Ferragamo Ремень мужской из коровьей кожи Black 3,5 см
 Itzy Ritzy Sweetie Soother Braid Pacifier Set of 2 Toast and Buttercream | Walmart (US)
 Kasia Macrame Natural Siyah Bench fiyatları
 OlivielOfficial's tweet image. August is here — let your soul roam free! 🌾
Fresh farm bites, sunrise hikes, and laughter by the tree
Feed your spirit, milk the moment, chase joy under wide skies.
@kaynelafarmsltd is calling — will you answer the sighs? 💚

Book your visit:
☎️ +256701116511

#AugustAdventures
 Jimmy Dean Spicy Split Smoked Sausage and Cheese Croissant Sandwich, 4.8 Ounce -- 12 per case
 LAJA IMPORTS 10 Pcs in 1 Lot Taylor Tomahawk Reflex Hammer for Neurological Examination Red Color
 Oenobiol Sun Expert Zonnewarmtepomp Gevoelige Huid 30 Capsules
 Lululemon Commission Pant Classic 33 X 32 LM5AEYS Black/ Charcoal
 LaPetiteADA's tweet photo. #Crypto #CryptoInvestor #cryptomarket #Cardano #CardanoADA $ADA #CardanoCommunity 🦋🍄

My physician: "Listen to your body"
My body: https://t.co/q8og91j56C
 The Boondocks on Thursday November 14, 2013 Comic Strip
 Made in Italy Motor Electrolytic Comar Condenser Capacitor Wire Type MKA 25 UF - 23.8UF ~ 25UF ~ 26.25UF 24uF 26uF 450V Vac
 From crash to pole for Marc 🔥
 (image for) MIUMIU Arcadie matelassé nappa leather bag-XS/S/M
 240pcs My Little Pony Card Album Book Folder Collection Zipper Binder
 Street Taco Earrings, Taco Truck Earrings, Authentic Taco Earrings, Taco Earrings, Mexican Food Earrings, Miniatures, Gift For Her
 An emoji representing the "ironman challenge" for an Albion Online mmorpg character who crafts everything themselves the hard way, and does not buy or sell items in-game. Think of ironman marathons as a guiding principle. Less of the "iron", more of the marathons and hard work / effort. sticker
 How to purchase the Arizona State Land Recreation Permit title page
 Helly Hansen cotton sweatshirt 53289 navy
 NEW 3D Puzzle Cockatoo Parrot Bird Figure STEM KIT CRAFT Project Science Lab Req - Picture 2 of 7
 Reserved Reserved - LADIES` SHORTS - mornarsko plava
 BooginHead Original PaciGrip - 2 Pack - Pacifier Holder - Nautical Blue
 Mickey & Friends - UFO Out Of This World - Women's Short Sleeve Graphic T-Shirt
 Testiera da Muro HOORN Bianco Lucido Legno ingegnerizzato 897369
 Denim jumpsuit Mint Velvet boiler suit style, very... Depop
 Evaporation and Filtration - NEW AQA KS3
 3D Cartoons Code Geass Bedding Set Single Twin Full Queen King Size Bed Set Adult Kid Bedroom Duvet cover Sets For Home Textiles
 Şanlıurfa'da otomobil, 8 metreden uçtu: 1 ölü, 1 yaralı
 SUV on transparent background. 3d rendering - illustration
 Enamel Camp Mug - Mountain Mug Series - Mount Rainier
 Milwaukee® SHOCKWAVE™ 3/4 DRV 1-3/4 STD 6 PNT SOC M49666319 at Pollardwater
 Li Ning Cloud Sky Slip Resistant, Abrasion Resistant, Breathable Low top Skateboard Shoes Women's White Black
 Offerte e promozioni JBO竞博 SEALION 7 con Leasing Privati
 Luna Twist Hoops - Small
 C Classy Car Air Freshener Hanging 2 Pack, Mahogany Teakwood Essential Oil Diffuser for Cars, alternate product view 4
______
→ **WORK ITEM**
All records must be repeated exactly, with none skipped.

→ **TASK RESULT**
Ferragamo Ремень мужской из коровьей кожи Black 3,5 см
 Itzy Ritzy Sweetie Soother Braid Pacifier Set of 2 Toast and Buttercream | Walmart (US)
 Kasia Macrame Natural Siyah Bench fiyatları
 OlivielOfficial's tweet image. August is here — let your soul roam free! 🌾
Fresh farm bites, sunrise hikes, and laughter by the tree
Feed your spirit, milk the moment, chase joy under wide skies.
@kaynelafarmsltd is calling — will you answer the sighs? 💚

Book your visit:
☎️ +256701116511

#AugustAdventures
 Jimmy Dean Spicy Split Smoked Sausage and Cheese Croissant Sandwich, 4.8 Ounce -- 12 per case
 LAJA IMPORTS 10 Pcs in 1 Lot Taylor Tomahawk Reflex Hammer for Neurological Examination Red Color
 Oenobiol Sun Expert Zonnewarmtepomp Gevoelige Huid 30 Capsules
 Lululemon Commission Pant Classic 33 X 32 LM5AEYS Black/ Charcoal
 LaPetiteADA's tweet photo. #Crypto #CryptoInvestor #cryptomarket #Cardano #CardanoADA $ADA #CardanoCommunity 🦋🍄

My physician: "Listen to your body"
My body: https://t.co/q8og91j56C
 The Boondocks on Thursday November 14, 2013 Comic Strip
 Made in Italy Motor Electrolytic Comar Condenser Capacitor Wire Type MKA 25 UF - 23.8UF ~ 25UF ~ 26.25UF 24uF 26uF 450V Vac
 From crash to pole for Marc 🔥
 (image for) MIUMIU Arcadie matelassé nappa leather bag-XS/S/M
 240pcs My Little Pony Card Album Book Folder Collection Zipper Binder
 Street Taco Earrings, Taco Truck Earrings, Authentic Taco Earrings, Taco Earrings, Mexican Food Earrings, Miniatures, Gift For Her
 An emoji representing the "ironman challenge" for an Albion Online mmorpg character who crafts everything themselves the hard way, and does not buy or sell items in-game. Think of ironman marathons as a guiding principle. Less of the "iron", more of the marathons and hard work / effort. sticker
 How to purchase the Arizona State Land Recreation Permit title page
 Helly Hansen cotton sweatshirt 53289 navy
 NEW 3D Puzzle Cockatoo Parrot Bird Figure STEM KIT CRAFT Project Science Lab Req - Picture 2 of 7
 Reserved Reserved - LADIES` SHORTS - mornarsko plava
 BooginHead Original PaciGrip - 2 Pack - Pacifier Holder - Nautical Blue
 Mickey & Friends - UFO Out Of This World - Women's Short Sleeve Graphic T-Shirt
 Testiera da Muro HOORN Bianco Lucido Legno ingegnerizzato 897369
 Denim jumpsuit Mint Velvet boiler suit style, very... Depop
 Evaporation and Filtration - NEW AQA KS3
 3D Cartoons Code Geass Bedding Set Single Twin Full Queen King Size Bed Set Adult Kid Bedroom Duvet cover Sets For Home Textiles
 Şanlıurfa'da otomobil, 8 metreden uçtu: 1 ölü, 1 yaralı
 SUV on transparent background. 3d rendering - illustration
 Enamel Camp Mug - Mountain Mug Series - Mount Rainier
 Milwaukee® SHOCKWAVE™ 3/4 DRV 1-3/4 STD 6 PNT SOC M49666319 at Pollardwater
 Li Ning Cloud Sky Slip Resistant, Abrasion Resistant, Breathable Low top Skateboard Shoes Women's White Black
 Offerte e promozioni JBO竞博 SEALION 7 con Leasing Privati
 Luna Twist Hoops - Small
 C Classy Car Air Freshener Hanging 2 Pack, Mahogany Teakwood Essential Oil Diffuser for Cars, alternate product view 4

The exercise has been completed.